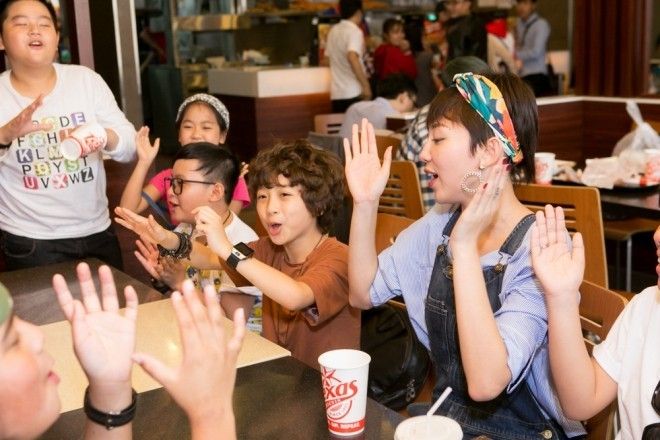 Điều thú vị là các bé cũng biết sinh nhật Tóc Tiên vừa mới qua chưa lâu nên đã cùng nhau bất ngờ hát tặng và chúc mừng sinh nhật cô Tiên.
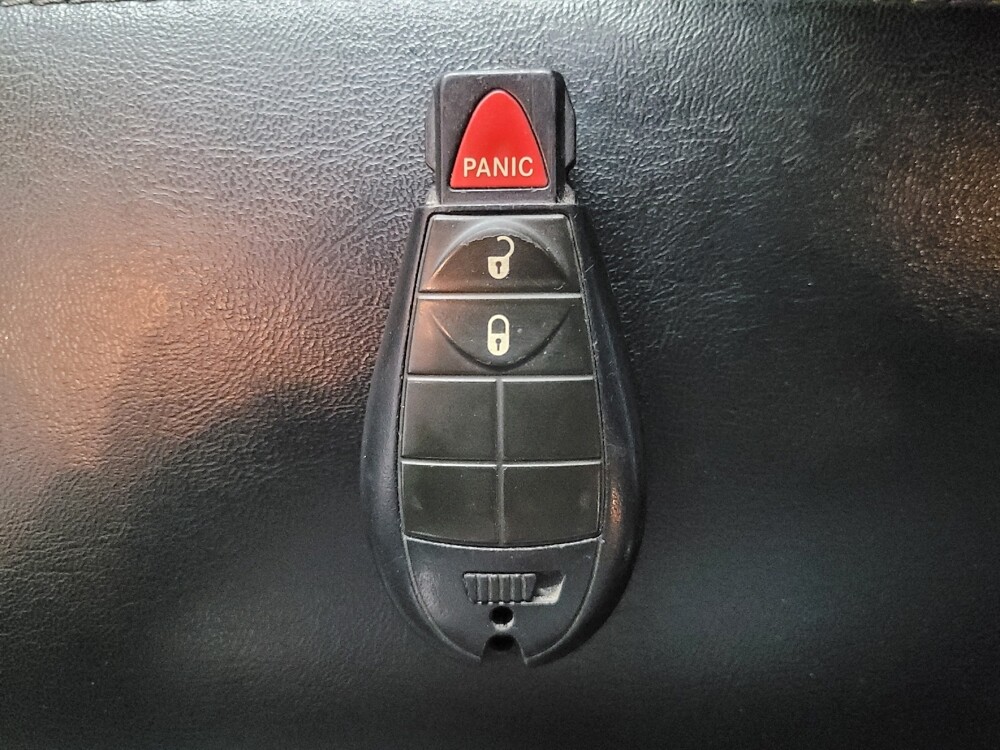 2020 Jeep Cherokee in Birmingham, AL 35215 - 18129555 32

--

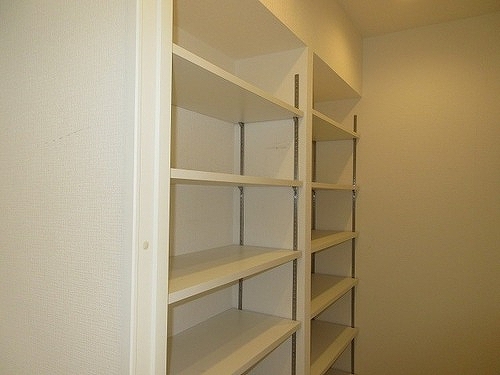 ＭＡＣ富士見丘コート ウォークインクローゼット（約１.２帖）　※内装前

---

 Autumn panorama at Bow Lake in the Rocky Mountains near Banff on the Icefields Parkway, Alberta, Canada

What is being asked -> Nothing but the lines from the one containing "Điều thú vị" through the one containing "2020 Jeep Cherokee" should appear, copied exactly from the material above and without pictures.

Result of the task ->
 Điều thú vị là các bé cũng biết sinh nhật Tóc Tiên vừa mới qua chưa lâu nên đã cùng nhau bất ngờ hát tặng và chúc mừng sinh nhật cô Tiên.
 2020 Jeep Cherokee in Birmingham, AL 35215 - 18129555 32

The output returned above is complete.